September 29, 2023
Forgive yourself if you haven't heard of Julius Berg Baumann. The Norwegian-American poet, who lived in Carlton County, died of cancer in 1923, at age 53. And unless you find translations of his work, you'll need to know Norwegian to properly appreciate it.
But he is a celebrated artist, with a large monument honoring him at Hillcrest Cemetery in Cloquet. That's where people will meet Saturday after a celebration of Baumann at the Carlton County Historical Society beginning at 11 a.m.
Baumann worked in the timber industry in Wisconsin, was a farmer in North Dakota and, in his last years, came to Carlton County, where he ran a lumber store and was elected register of deeds from 1910 until his death 13 years later.
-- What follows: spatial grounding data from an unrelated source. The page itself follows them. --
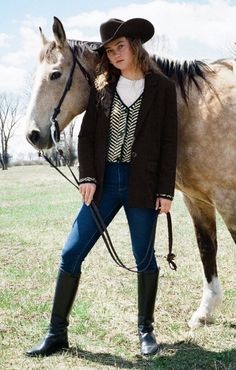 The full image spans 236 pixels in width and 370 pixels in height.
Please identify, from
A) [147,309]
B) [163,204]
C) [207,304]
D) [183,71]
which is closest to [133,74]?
[183,71]

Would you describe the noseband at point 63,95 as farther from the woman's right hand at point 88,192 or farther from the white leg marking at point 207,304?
the white leg marking at point 207,304

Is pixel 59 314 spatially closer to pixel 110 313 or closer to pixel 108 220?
pixel 108 220

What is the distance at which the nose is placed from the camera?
339 cm

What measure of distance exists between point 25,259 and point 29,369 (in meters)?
4.01

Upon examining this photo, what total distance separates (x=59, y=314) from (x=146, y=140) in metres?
1.38

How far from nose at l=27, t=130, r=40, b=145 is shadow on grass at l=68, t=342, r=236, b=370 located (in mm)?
1530

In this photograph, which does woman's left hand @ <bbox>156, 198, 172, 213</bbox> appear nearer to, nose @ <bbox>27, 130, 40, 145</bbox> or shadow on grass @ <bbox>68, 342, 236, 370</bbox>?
nose @ <bbox>27, 130, 40, 145</bbox>

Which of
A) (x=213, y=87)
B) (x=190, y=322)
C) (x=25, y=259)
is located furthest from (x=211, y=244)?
(x=25, y=259)

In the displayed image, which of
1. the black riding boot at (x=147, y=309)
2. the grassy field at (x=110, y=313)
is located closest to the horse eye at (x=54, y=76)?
the black riding boot at (x=147, y=309)

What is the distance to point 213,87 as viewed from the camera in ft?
11.9

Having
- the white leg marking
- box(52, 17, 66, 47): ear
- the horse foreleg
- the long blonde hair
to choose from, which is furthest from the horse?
the white leg marking

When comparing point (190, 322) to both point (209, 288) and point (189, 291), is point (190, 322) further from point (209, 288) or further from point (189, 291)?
point (189, 291)

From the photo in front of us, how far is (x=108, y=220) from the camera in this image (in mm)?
3492

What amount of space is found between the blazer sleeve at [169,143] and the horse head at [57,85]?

He wrote more than 250 poems in Norwegian, celebrating such topics as family, friends, Christmas, love, hope for peace, the beauty of the seasons, and the memories and experiences of Norwegian-Americans.
Baumann's books of poems were well-received in the U.S. and Norway, winning praise from friends and strangers alike, including Ole E. Rølvaag, author of "Giants in the Earth."
After Baumann died, the national Sons of Norway organization erected a large monument over his grave bearing his portrait in bronze - a unique tribute at the time.
On Saturday, Cloquet's Sons of Norway Heimsyn Lodge and the historical society are hosting the free celebration 100 years after Baumann's death with Dr. Lawrence Moe, professor emeritus of English at Metropolitan State University. Moe is a scholar of poetry and has studied the early folk poetry of the Red River Valley, collecting and analyzing thousands of poems from that region. He has shared his research in poetry through over 300 scholarly and community presentations, on television, and in publications.
Baumann, who was born on Christmas Day in 1869, died on Oct. 5, 1923. The monument is the only one erected by the Sons of Norway dedicated to a poet.